-------- MATERIAL SUPPLIED --------
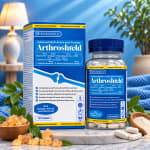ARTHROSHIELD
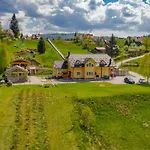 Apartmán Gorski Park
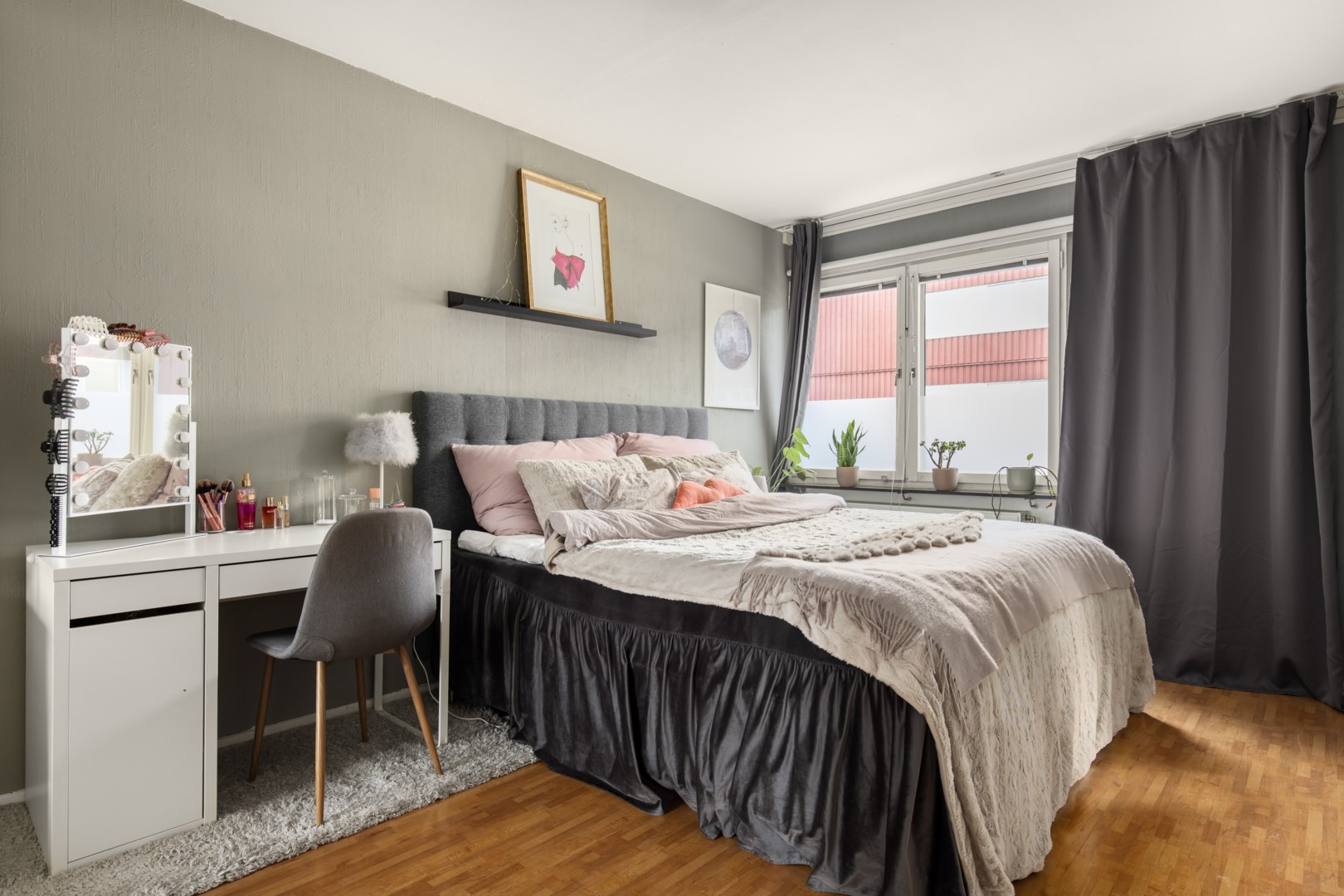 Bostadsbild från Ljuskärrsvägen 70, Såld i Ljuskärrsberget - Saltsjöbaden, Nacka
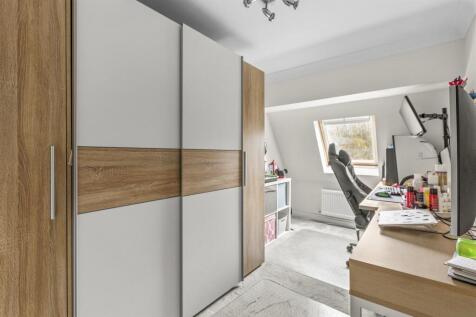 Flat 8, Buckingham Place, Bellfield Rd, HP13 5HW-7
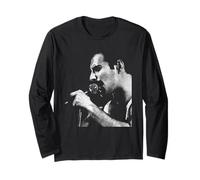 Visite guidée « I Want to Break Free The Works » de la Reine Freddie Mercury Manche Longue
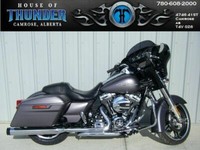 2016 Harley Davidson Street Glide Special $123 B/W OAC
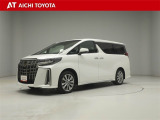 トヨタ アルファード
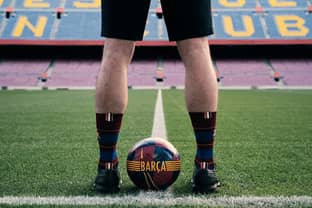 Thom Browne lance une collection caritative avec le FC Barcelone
--------
Leave the pictures behind and transcribe every record above exactly.

## [WRITTEN REPLY]
ARTHROSHIELD
 Apartmán Gorski Park
 Bostadsbild från Ljuskärrsvägen 70, Såld i Ljuskärrsberget - Saltsjöbaden, Nacka
 Flat 8, Buckingham Place, Bellfield Rd, HP13 5HW-7
 Visite guidée « I Want to Break Free The Works » de la Reine Freddie Mercury Manche Longue
 2016 Harley Davidson Street Glide Special $123 B/W OAC
 トヨタ アルファード
 Thom Browne lance une collection caritative avec le FC Barcelone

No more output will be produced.